# Twisp Warranty



## Flashlight (26/5/14)

I just bought a new Twisp Clearo, and to keep it under its six month warranty I have to only use Twisp liquids, is there any way of them knowing if I use another liquid, or should I just use the Twisp liquids?


----------



## Yash (26/5/14)

They have no way of knowing this, unless you have an issue and you take it back without cleaning out the non twisp fluid. Twisp fluid is way too expensive as well, better of trying other fluids.

Sent from my SM-G900F using Tapatalk

Reactions: Agree 3


----------



## soonkia (26/5/14)

I think the twist devices have plastic tanks, so your biggest risk would be if you use a juice that are known to Crack plastic tanks. 

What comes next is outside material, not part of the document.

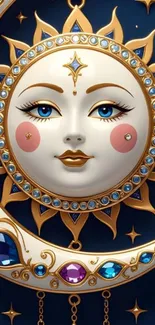 Decorative sun and moon with jewels on a dark blue background.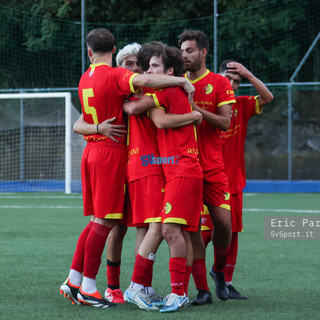 L'esultanza del Taggia nel match di andata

Other than that, I can't really see how they would know

Sent from my SM-G900H using Tapatalk

Reactions: Agree 1


----------



## RezaD (26/5/14)

Hi Flashlight,

There is no way of them knowing if you use other liquids. Besides nothing can really go wrong because of liquids. The warranty does not cover consumables like coils anyway (which you have to replace anyway).

Just be sure not to use citrus or cinnamon based liquids as they have a reputation for cracking plastic tanks.

Reactions: Agree 1


----------



## Flashlight (26/5/14)

Thanks, I've got a pina colada flavour just chilling on my desk, waiting to vaped


----------



## Hein510 (26/5/14)

soonkia said:


> I think the twist devices have plastic tanks, so your biggest risk would be if you use a juice that are known to Crack plastic tanks.
> 
> Other than that, I can't really see how they would know
> 
> Sent from my SM-G900H using Tapatalk


are you sure they have plastic tanks? Had some Wicky Wicks in there that chewed up me Kayfuns plastic tank section but did nothing to my Twisps tank.


----------



## soonkia (26/5/14)

yeah, it seems to be made from a "High Grade Poly Carbonate" - (http://www.janty.com/clearo)
There's no info that I could find on Twisps site, but they do say the use the Janty Clearo, and I don't own a Twisp.

But, it's very dependent on the type of plastic used as well. And with clones like the Kayfuns available in SA, I'd wager that they use cheaper plastics.

So, with not really knowing, I'd say the best advice in this case would be is to rather stay away from juices known to crack tanks in a Twisp

Reactions: Agree 2


----------